In a landmark 1982 article for The Atlantic, two college professors advanced the theory that maintaining public order also helps prevent crime.
“If a window in a building is broken and left unrepaired, all the rest of the windows will soon be broken,” James Q. Wilson and George L. Kelling wrote.
Wilson, who taught at Harvard and UCLA, died in 2012.
Kelling is retired from Rutgers but still going strong at age 78 as a senior fellow at the Manhattan Institute.
The theory was applied by two New York City police commissioners, William Bratton and Raymond Kelly. Crime rates fell, real estate values soared and New York thrived.
According to the U.S. Census Bureau’s most recent American Housing Survey, the number of broken windows in the New York metropolitan area plunged during the past decade.
Kelling told The New York Times: “Taking care of broken windows reduces crime. Taking care of crime reduces broken windows. I’ve never been long on arrests as an outcome.”
He said zero-tolerance policies represent “zealotry and no discretion — the opposite of what I tried to preach. In an urbanized society, in a world of strangers, civility and orderliness is an end in itself.”
Here’s part of what Kelling and Wilson wrote in the original article: “Consider a building with a few broken windows. If the windows are not repaired, the tendency is for vandals to break a few more windows. Eventually, they may even break into the building, and if it’s unoccupied, perhaps become squatters or light fires inside.
“Or consider a pavement. Some litter accumulates. Soon, more litter accumulates. Eventually, people even start leaving bags of refuse from take-out restaurants there or even break into cars.”
In other words, fix problems when they’re still small.
While they’re at it, Buckner, City Manager Bruce Moore and Mayor Mark Stodola might even look at the Safe Streets Program that was instituted by Albuquerque, N.M., in the late 1990s. The theory was that people in other parts of the country use roadways much like New Yorkers use subways. Lawlessness on the roadways therefore has the same effect as it does in the subways of New York.
I make the drive from far west Little Rock to downtown each morning on Cantrell Road.
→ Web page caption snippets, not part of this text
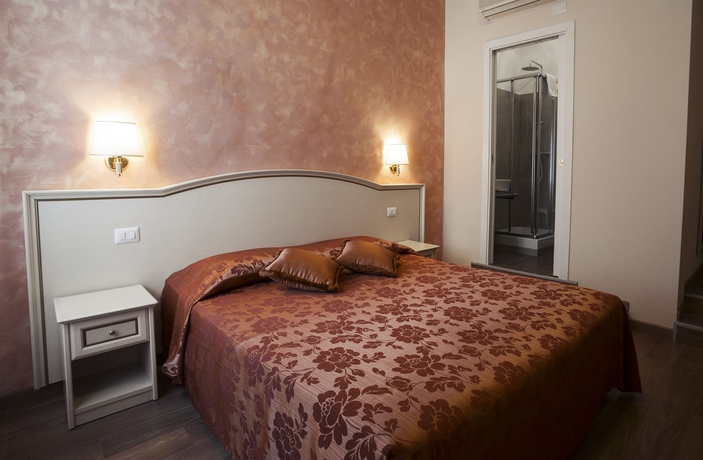 Imagen de la habitación del Hotel Relais Bocca Di Leone. Foto 8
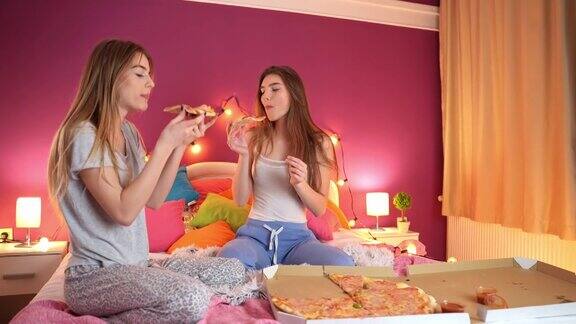 十几岁的女孩在过夜时在床上吃披萨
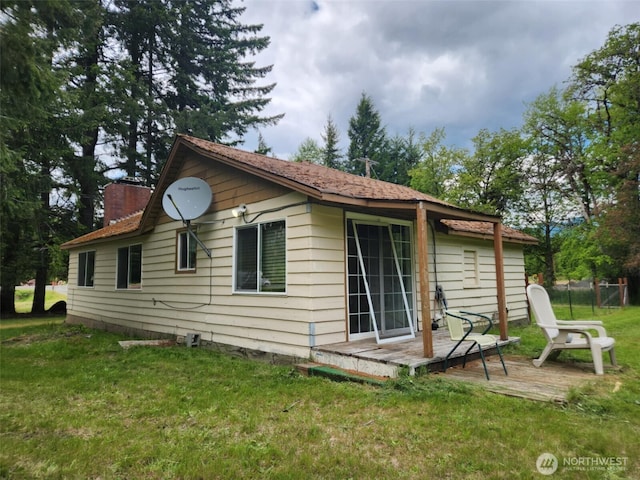 12597 US Highway 12, Randle, WA 98377 - rear view of house with a chimney and a wooden deck
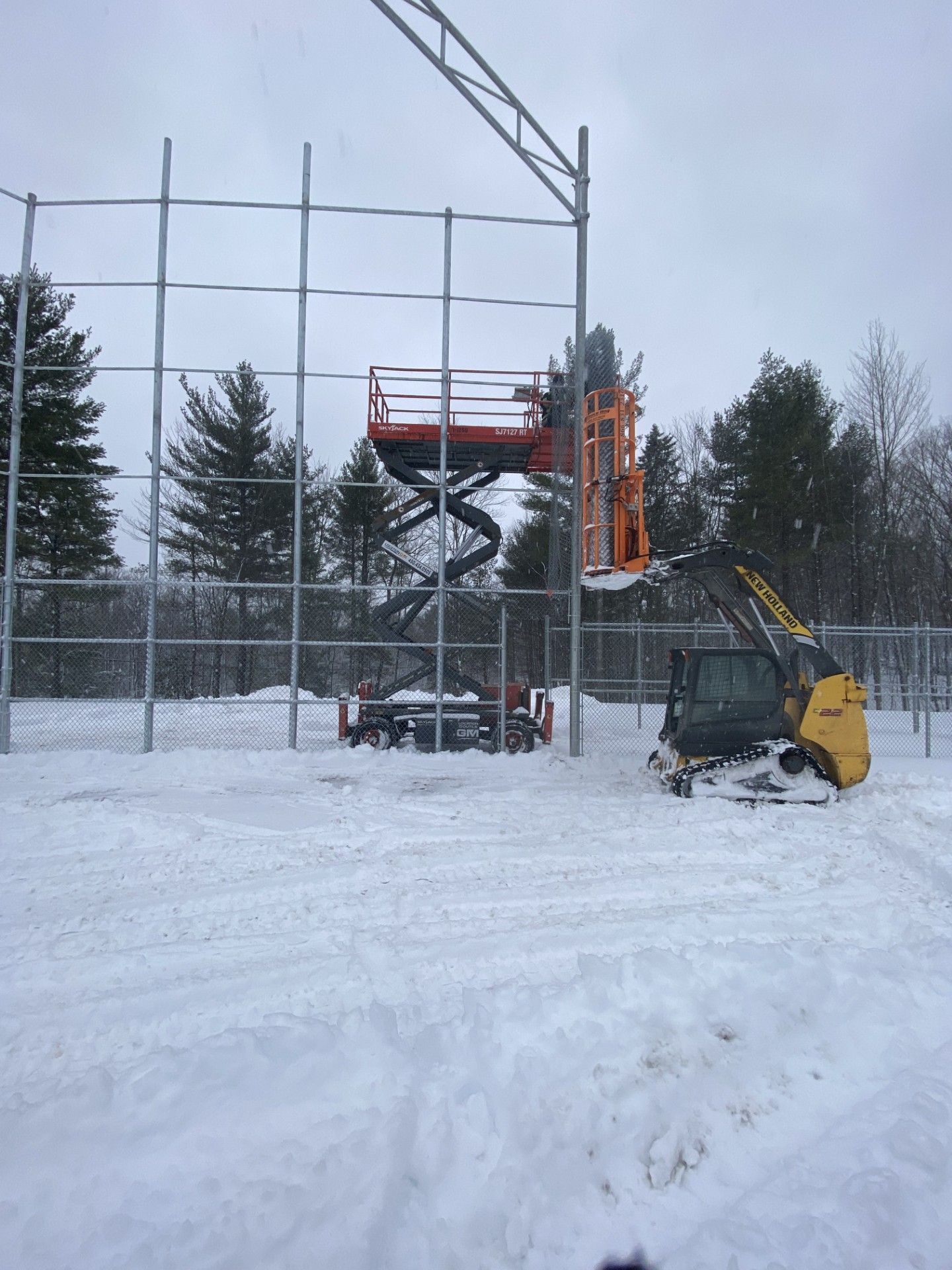 Construction site: lift with worker, metal framework, excavator, and snow.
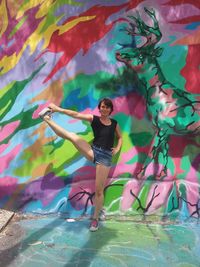 Full length of woman standing against multi colored water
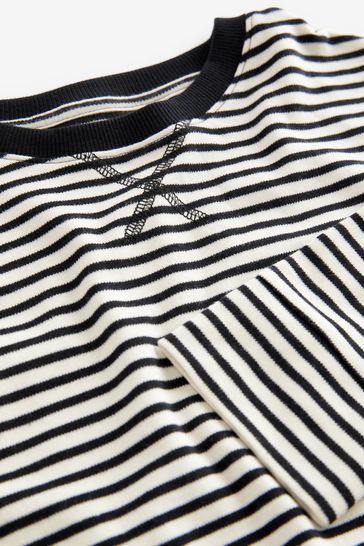 Black t shirt outlet over white long sleeve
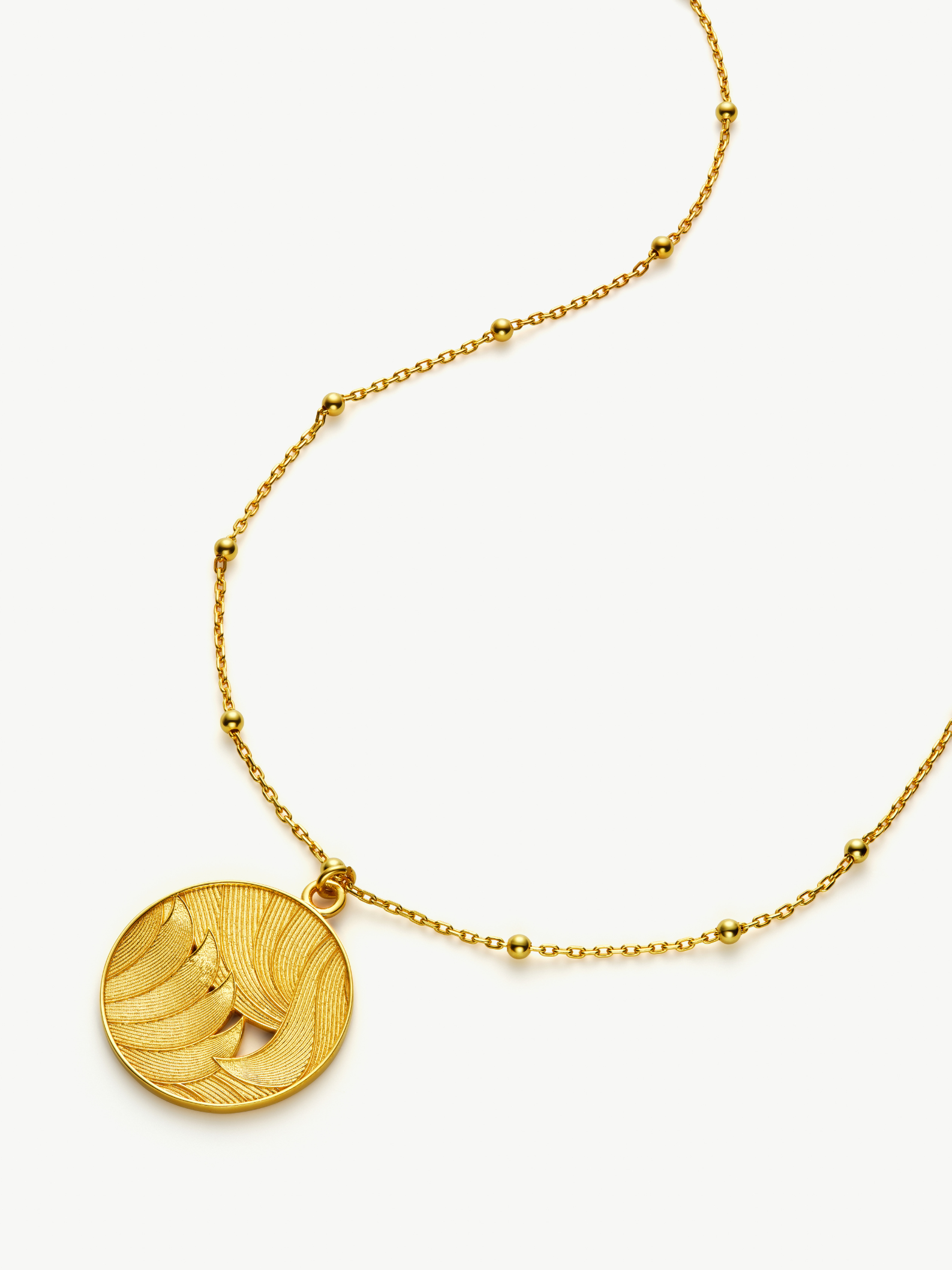 Gold necklace with a round pendant on a white background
Each day I watch self-indulgent idiots run red lights and speed through school zones. I’ve never seen one of them pulled over. There’s indeed a sense of lawlessness on the streets of Little Rock, and the problem seems to be getting worse. I can’t help thinking that this is a city that, in certain ways, feels broken.
“I understand that there are a lot of historical scars in this community and this police department as there are in most communities that have an urban environment,” Buckner told the Arkansas Times. “Police and African-American communities and Hispanic communities historically don’t have a very strong relationship. I can’t subscribe to that. I can’t surrender to that. My job is to build those relationship bridges where we can to get them to come to the table. All of that starts with trust. Trust is built with deposits of good will, and I think we’re doing a lot of things in the police department to get some of those conversations started.”
I agree with the new chief that trust is important.
So are results.
It’s important for all Arkansans that the state’s capital city do well economically. You look at the downtown revitalization of Little Rock and feel hopeful on the one hand. On the other hand, recent job creation statistics in Arkansas have been abysmal. We’re near the bottom nationally.
Little Rock is at a turning point.
More like Memphis or more like Nashville?
More like Jackson or more like Austin?
A hip urban environment or a new round of white flight to Cabot, Conway, Benton and Bryant?
More than anything else, the crime statistics the next five years will tell the story.